Une dame (...) me demande si je m'exerce à l'analyse de mes songes, comme il se fait dans l'Europe centrale où il n'est point de personne bien née qui manque, chaque matin, à retirer de ses propres gouffres quelques énormités abyssales, quelques poulpes de forme obscène qu'elle s'admire d'avoir nourris. (Valéry - Petite Lettre sur les mythes, Variété 2)

Il n'est pas si tard quand je sors du cinéma (ayant vu A travers la forêt, de Civeyrac ?). Je décide d'aller au Grand Palais voir l'expo Klimt. C'est une bonne idée : malgré l'affluence, il n'y a personne à l'extérieur. En revanche une certaine agitation devant les caisses. On court pour être les premiers au guichet. Avec raison : l'accès est limité par un quota, bientôt atteint. Je règle difficilement le prix d'entrée (2 euros 13) car les pièces jaunes que je pose sur le comptoir s'avèrent être presque toutes des dollars américains (les lettres US se détachent dans la lumière rasante). L'employée qui toujours s'exprime avec réticence, me montre un reçu de carte bleue et m'annonce une attente d'un quart d'heure : il ne reste que deux places ; elles ne sont pas pour moi puisque je suis seul.

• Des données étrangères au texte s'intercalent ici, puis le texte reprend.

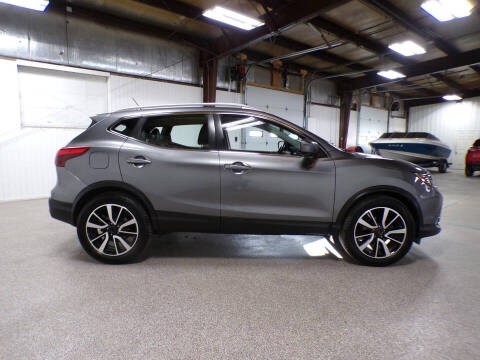 2018 Nissan Rogue Sport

J'entends qu'on m'appelle. C'est une jeune femme blonde, élégante, les cheveux courts, qui était assise au fond du hall sous les fenêtres extérieures. Un type l'accompagne, trois pas en arrière, rond et jovial, acquiesçant à tout ce qu'elle dit. Elle me connaît, je ne la reconnais pas. On s'est rencontrés « aux trois jours » d'un séminaire de formation « en résidentiel ». La conversation se poursuit dans un café. Elle a pris place sur une banquette vert bronze ; au-dessus d'elle un miroir. Elle évoque des souvenirs communs : on avait passé une soirée dans un restaurant de cuisine exotique ; on avait essayé le ragoût de singe (?). Une mauvaise idée : que des os, pas de viande. Elle répète ce qu'elle disait alors, combien dans ce séminaire elle m'enviait ma réussite, alors qu'elle, elle échouait. Elle échoue encore (comme son allure, son assurance, la cour qui la sert démentent ses paroles !). Le récit de ses malheurs prend un tour plus intime : elle raconte ses démêlés avec sa mère, qui la dénigre systématiquement. L'autre jour encore, s'entendre dire (je cite) : « hier déjà sur la poupe, aujourd'hui une pouf' ! »

Mais je me suis éloigné. Mon siège lui tourne le dos. Des têtes hilares sont venues s'intercaler entre elle et moi. Comme il s'agit de montrer Paris au cousin de Province (le gros jeune homme en costume qui l'accompagne), ils parlent d'aller voir les illuminations de l'Opéra.

Ici c'est une caricature de Veronica Lake qu'on écoute : grasse et luisante (comme Circeto ?), elle fait des discours sur sa coiffure, une masse de cheveux laqués, des mèches grises et jaunes avec des crans. Je me souviens alors que j'ai oublié ma serviette bourrée de papiers, très lourde, devant la caisse du Grand Palais. Il est trop tard pour voir l'expo. Je vais rentrer chez moi.